Archive February 2015 XVI, No. 2

Thinking of Buying ... A Phaco Machine

Is it time to replace your facility's phaco system?

Jeffrey Whitman, MD

BIO

phaco machine INTRAOCULAR INSIGHT Ask your surgeons: Do the latest offerings on the phaco machine market radically outperform your current equipment?

Is there still a place for phaco in the age of the femtosecond laser? Short answer: yes. Femto has done nothing to replace phacoemulsification. In fact, the use of lasers to slice and dice cataracts can make phaco even safer and more efficient, since less ultrasound energy is needed to dissolve the material and, as a result, less heat is created in the eye. About 40% of laser cases don't even use ultrasound, they just irrigate and aspirate the pieces.

Given the continued utility of phaco machines as well as the proven durability of these workhorses, should the introduction of an all-new, next-generation system lead you and your cataract surgeons to consider an upgrade?

With cataract facility reimbursements what they are, no one relishes the idea of shelling out 6 figures for a new phaco machine today. But as you'll see in the product roundup over the next few pages, the features on the new machines make cataract removal significantly safer than ever before. Even though you can't charge more per case for cataract procedures in the wake of a capital expense, the new machines can make the procedure more efficient, saving OR time.

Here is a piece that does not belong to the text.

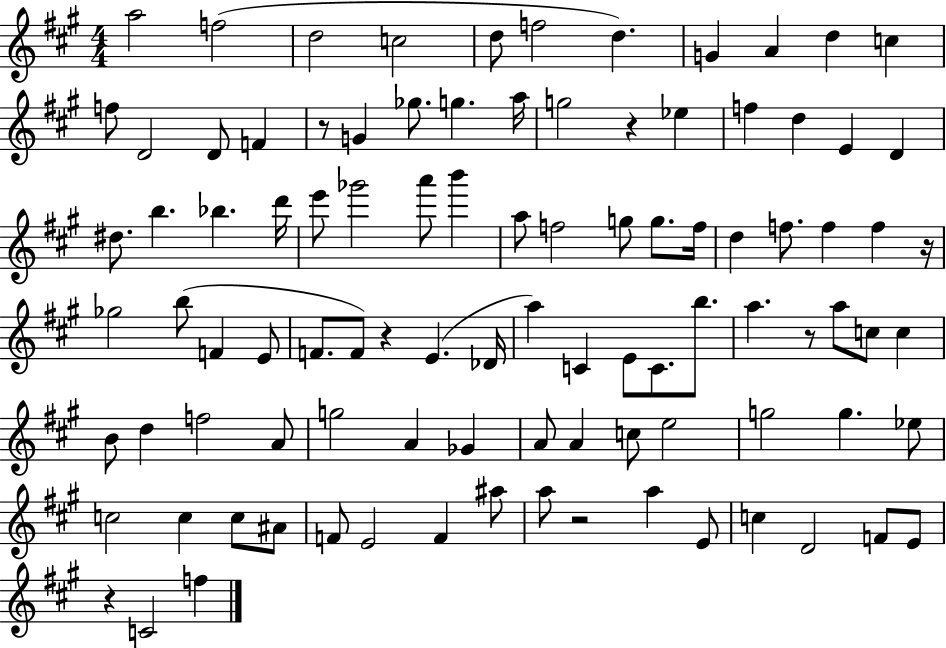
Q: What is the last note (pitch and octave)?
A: F5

Functionally speaking, will the new system work dramatically better than the technology your surgeons are operating with now? If the machine they use is from 2 generations ago, it's definitely possible that fluidics — the manner in which the machine sucks material out as it pours new balanced salt solution in to replace it — have seen some innovations and improvements since then.

Function and economics should also drive any potential purchasing decision when, every few years, you invite manufacturers' representatives into your facility and trial the newest add-ons and tweaks to their phaco systems. I don't think you can go wrong with any of them, but make sure all of your surgeons get a chance to use each system and determine whether they meet their needs. Are the fluidics better than their current equipment? Is the ultrasound more efficient? How about the irrigation and aspiration? A surgeon needs to ask, do I feel safe with the equipment I have? A hands-on trial will help to provide an answer.

SAFER PLATFORMS SAFER PLATFORMS The features on today's new phaco machines make cataract removal significantly safer than ever.

The reality of equipment purchasing today is, deals are done in bundles. If you're thinking of buying a phaco machine, as with other surgical components, it's economically wise to look at the vendor and its other products. Do your surgeons like their intraocular lenses, viscoelastics and other supplies? In many cases, it is easier to negotiate a more favorable price on that purchase from a manufacturer whose products you use in high volume. If your center bought $250,000 worth of their IOLs last year, be sure to let the vendors' rep know.

It will be interesting to see how the next generation of phaco machines accommodate to the use of femtosecond lasers in cataract surgery. The cost of laser technology and skepticism over its clinical necessity have limited its adoption, but it is an advance we can't ignore, and it may be even more common in 5 or 6 years. However, no manufacturer has yet rebuilt a phaco system to truly dovetail with the femto laser — featuring, for example, aspiration and phaco tips that can vacuum up larger pieces. Future phaco advances will have to go hand-in-hand with laser capabilities, and yet also serve the users who haven't implemented laser technology. We'll see.